Middle school students do their part to save the bay
Sixth-graders showcase their service learning hour projects at Chesapeake Bay extravaganza
A burgeoning collector she is not, however.
Laroe, along with more than 460 of her fellow Pyle sixth-graders, volunteered at least 10 hours this spring to help clean up the Chesapeake Bay watershed, through a variety of projects. The hours are part of the students’ student-service learning requirement and Thursday night the students presented their projects at the second annual Chesapeake Bay Extravaganza.
‘‘I cleaned up some creeks in the area and went to clean up the Anacostia River with my church,” said Laroe, 12, of Bethesda. She found other bottles, snow fencing and a plastic pot along the Anacostia River and the Minnehana and Kenwood creeks in Bethesda.
Hundreds of projects lined the halls of the school Thursday. India Rose Harrison removed dangerous phosphate-containing cleaners from her house and replaced them with eco-friendly substitutes. Aaron Zimmerberg removed invasive garlic mustard plants from local parks. Michael Lombardo and Kyle Tong collaborated on a project planting trees at Bradley Hills Elementary.

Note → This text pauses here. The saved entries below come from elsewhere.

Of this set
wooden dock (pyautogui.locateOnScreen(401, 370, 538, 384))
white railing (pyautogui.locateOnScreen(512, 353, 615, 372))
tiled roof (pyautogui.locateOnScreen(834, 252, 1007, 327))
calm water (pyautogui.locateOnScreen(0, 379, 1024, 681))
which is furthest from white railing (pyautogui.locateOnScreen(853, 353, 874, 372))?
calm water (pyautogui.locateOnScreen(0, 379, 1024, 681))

According to Margaret Hall, a sixth-grade science teacher at the school, the parameters of the project were simple: volunteer time that helps the Chesapeake.

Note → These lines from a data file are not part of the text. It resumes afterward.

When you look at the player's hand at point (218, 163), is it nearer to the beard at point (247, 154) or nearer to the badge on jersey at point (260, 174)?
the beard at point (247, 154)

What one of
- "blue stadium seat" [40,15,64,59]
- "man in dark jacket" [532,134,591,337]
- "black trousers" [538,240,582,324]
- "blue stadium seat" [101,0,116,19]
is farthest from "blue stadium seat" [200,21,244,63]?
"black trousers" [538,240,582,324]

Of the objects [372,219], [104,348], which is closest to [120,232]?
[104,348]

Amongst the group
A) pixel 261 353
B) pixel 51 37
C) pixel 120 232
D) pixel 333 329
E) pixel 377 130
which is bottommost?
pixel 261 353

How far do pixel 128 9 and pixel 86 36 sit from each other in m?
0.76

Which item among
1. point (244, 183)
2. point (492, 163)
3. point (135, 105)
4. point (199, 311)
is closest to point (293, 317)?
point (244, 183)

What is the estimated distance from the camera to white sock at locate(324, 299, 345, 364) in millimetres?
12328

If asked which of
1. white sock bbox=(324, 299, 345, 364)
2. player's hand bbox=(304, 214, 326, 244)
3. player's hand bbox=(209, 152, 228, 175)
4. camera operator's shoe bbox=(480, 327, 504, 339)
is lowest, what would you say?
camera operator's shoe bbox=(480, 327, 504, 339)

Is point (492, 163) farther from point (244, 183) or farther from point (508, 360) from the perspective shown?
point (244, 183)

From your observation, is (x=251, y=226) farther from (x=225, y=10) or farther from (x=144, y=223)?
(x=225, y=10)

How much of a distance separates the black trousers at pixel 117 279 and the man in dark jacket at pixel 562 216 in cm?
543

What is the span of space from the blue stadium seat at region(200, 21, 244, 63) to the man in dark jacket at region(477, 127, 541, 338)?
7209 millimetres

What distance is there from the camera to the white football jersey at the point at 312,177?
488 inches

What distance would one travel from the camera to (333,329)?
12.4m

‘‘We just want them to understand that a little bit goes a long way,” she said. ‘‘This takes what they learn in the classroom and applies it to something tangible.”
At Thursday’s event, local, state and national officials joined the students and their parents, applauding their efforts.
‘‘People of my generation, we’ve done a crummy job of protecting the bay,” said Maryland Attorney General Douglas F. Gansler (D). ‘‘Now you can’t even swim in it.”
County Councilman Roger Berliner (D-Dist. 1) of Potomac, Montgomery County Board of Education Vice President Shirley Brandman (At large) of Bethesda and Jeff Lape, Chesapeake Bay Program Office Director for the United States Environmental Protection Agency, were also at the event.
Hall said many students struck out into the community to clean up Chesapeake tributaries and parks, while others stayed inside. A group of students wrote children’s books about the bay and its health, then visited elementary schools and day care centers to read the stories.
Alex Lesley, Ryan Savage and Matt Parrish’s project was one for the dogs.
The students learned about a cornstarch-based bag engineered to collect dog droppings, then decompose at a quick rate. The students visited dog parks and trails promoting the product, and even sold the idea to a local pet storeowner, who the three say will now carry the bags.
‘‘These bags take 40 days to decompose instead of the 100 years a normal plastic bag takes,” said Lesley, 12. ‘‘They’re good for everyone.”
While the event is important for the students, Hall said she hopes students will keep up with the projects.
‘‘It’s much more meaningful if you take it up and keep it going,” she said. ‘‘The students donated over 4,600 hours of service; hopefully it planted a seed.”